On 8/24/07, Kirk Wythers <[EMAIL PROTECTED]> wrote:
>
> On Aug 23, 2007, at 11:17 PM, Gunnar Hjalmarsson wrote:
>
> > Kirk Wythers wrote:
> >> I don't see how $totals{$year}{$month}{count} ++; is holding the
> >> count.
> >
> > Read about the auto-increment operator in "perldoc perlop".
>
> OK. I'll try and be more clear to the degree of my ignorance. First,
> I do not understand the use of $totals in both the sum of the scalar
> tmax, and the incremented count.
snip
> I think what I am confused by is the relationship between the scalar
> $tmax and the (whatever you call it) $totals{$year}{$month}{tmax}
snip
The $tmax variable is the current value the fourth field for each line you read.
The name of the totals variable is %totals. It is a hash. A hash is
like an array, but instead of using numbers as offsets it uses strings
as keys (it is also unordered). Elements in the hash are accessed by
giving the hash a key like this:
my %hash = (
foo => 10;
bar => 20;
);
my $scalar = $hash{foo}; #scalar is now 10
Hashes can only contain scalar values, but a reference to a hash (or
an array) is a scalar, so Perl mimics multi-dimensional data
structures using references. You can create hash references in many
ways.
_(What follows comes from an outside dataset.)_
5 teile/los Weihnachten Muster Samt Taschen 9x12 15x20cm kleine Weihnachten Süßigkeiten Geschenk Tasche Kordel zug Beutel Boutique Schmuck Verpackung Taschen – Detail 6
One common way is to use an anonymous hash reference:
my $hashref = {
foo => 10,
bar => 20
};
You can get at the values stored in a hash ref with the arrow operator:
my $scalar = $hashref->{bar}; #$scalar is now 20
So if I want a multi-dimensional hash I can declare it like this:
my %hash = (
foo => $hashref
bar => {
foo => 30,
bar => 40
}
);
I could get the first level like this
my $ref = $hash{foo}; #$ref is now a reference to $hashref
and the second like this
my $scalar = $ref->{bar}; #$scalar is now 20
You could also do it more directly like this
my $scalar $hash{foo}->{bar}; #$scalar is now 20
Now, this happens often enough and is fairly unambiguous, so Perl has
some syntactic sugar that lets drop the arrow operator between {} and
[] operators. So you could write the last example more clearly as
my $scalar $hash{foo}{bar}; #$scalar is now 20
In addition, Perl also has something called auto-vivification that
causes hash references to auto-magically come into existence when
needed, so I can say
my %hash;
$hash{foo}{bar} = 10;
and the hash reference needed to store the second level will
auto-magically come into existence. This is how
$total{$year}{$month}{tmax} += $tmax;
works. It is creating a three level deep hash and storing the totals
in the last level.
snip
> Therefore, if I want the sum of tmax, I'm not sure what is holding
> the total of tmax. Is it $tmax, or $totals{$year}{$month}{tmax}?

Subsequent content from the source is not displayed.